DStream Transformation Operator Classification
DStream transformation operations fall into two categories:
Stateless Transformations: Each batch is processed independently without retaining historical state, such as map, flatMap, filter, reduceByKey.
Stateful Transformations: Maintain state across batches, including updateStateByKey and window operations.
Common Stateless Operators
map / flatMap / filter
// Calculate line length
val lengths = lines.map(line => line.length)
// Tokenize
val words = lines.flatMap(line => line.split(" "))
// Filter short words
val filteredWords = words.filter(word => word.length > 5)
reduceByKey / groupByKey
// Word frequency count
val wordCounts = words.map(word => (word, 1)).reduceByKey(_ + _)
// Group by key
val grouped = pairs.groupByKey()
reduceByKey performs local aggregation within partitions (similar to MapReduce’s Combiner), performing better than groupByKey.
transform: Direct RDD Operations
transform allows applying arbitrary RDD operators to each batch’s RDD in a DStream, making up for DStream API’s limited expressiveness.
val filtered = words.transform { rdd =>
rdd.filter(_.length > 3)
.map(_.toUpperCase())
}
Core Characteristics:
- Called once per batch interval, generates new DStream
- Can call RDD-only operators in stream processing
- Supports joins between streams and static datasets (broadcast variables, external RDDs)
Practical Case: Stream Data Blacklist Filtering
Scenario Description
Input stream is user click logs in format <id> <keyword>, need to filter out blacklisted keywords in real-time:
1 hadoop
2 spark ← Filter
3 scala ← Filter
4 java
Blacklist: Array(("spark", true), ("scala", true))
Approach 1: leftOuterJoin
val blackList = Array(("spark", true), ("scala", true))
val blackListRDD = ssc.sparkContext.makeRDD(blackList)
clickStreamFormatted.transform(clickRDD => {
val joinedRDD = clickRDD.leftOuterJoin(blackListRDD)
joinedRDD.filter {
case (word, (line, flag)) => !flag.getOrElse(false)

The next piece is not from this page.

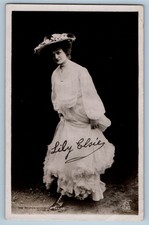 Miss Lily Elsie Pretty Stage Actress Dress White Signed RPPC Photo Postcard picture
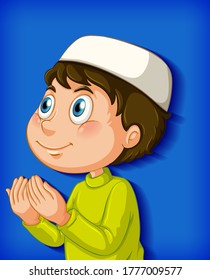 Muslim boy praying on colour gradient background illustration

}.map { case (word, (line, _)) => line }
})
After left outer join, records matching blacklist have flag as Some(true), unmatched as None—filtered by negating with getOrElse(false).
Approach 2: SparkSQL Filtering
clickStreamFormatted.transform { clickRDD =>
val spark = SparkSession.builder()
.config(clickRDD.sparkContext.getConf)
.getOrCreate()
val clickDF = clickRDD.toDF("word", "line")

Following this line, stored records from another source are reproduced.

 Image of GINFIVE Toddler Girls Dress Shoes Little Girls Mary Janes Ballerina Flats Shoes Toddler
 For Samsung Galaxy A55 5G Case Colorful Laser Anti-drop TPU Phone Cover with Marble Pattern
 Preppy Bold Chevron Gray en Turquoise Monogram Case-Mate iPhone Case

val blackDF = blackListRDD.toDF("word", "flag")
clickDF.join(blackDF, Seq("word"), "left")
.filter("flag is null or flag == false")
.select("line").rdd
}
Using DataFrame API to express filtering logic—better readability, suitable for teams familiar with SQL.
Approach 3: Broadcast Variables (Optimal)
val blackListBC = ssc.sparkContext
.broadcast(blackList.filter(_._2).map(_._1))
clickStream
.map(value => (value.split(" ")(1), value))
.filter { case (word, _) =>
!blackListBC.value.contains(word)
}
.map(_._2)
Broadcast variables distribute blacklist to each Executor, avoiding shuffle—optimal performance, recommended for production.
Three Approaches Comparison
| Approach | Implementation | Shuffle | Recommendation |
|---|---|---|---|
| leftOuterJoin | RDD join | Yes | Average |
| SparkSQL | DataFrame join | Yes | Medium |
| Broadcast Variables | filter + broadcast | No | Recommended |
The core value of transform is bridging DStream and RDD API boundaries, directly reusing all operator capabilities from batch processing in streaming scenarios.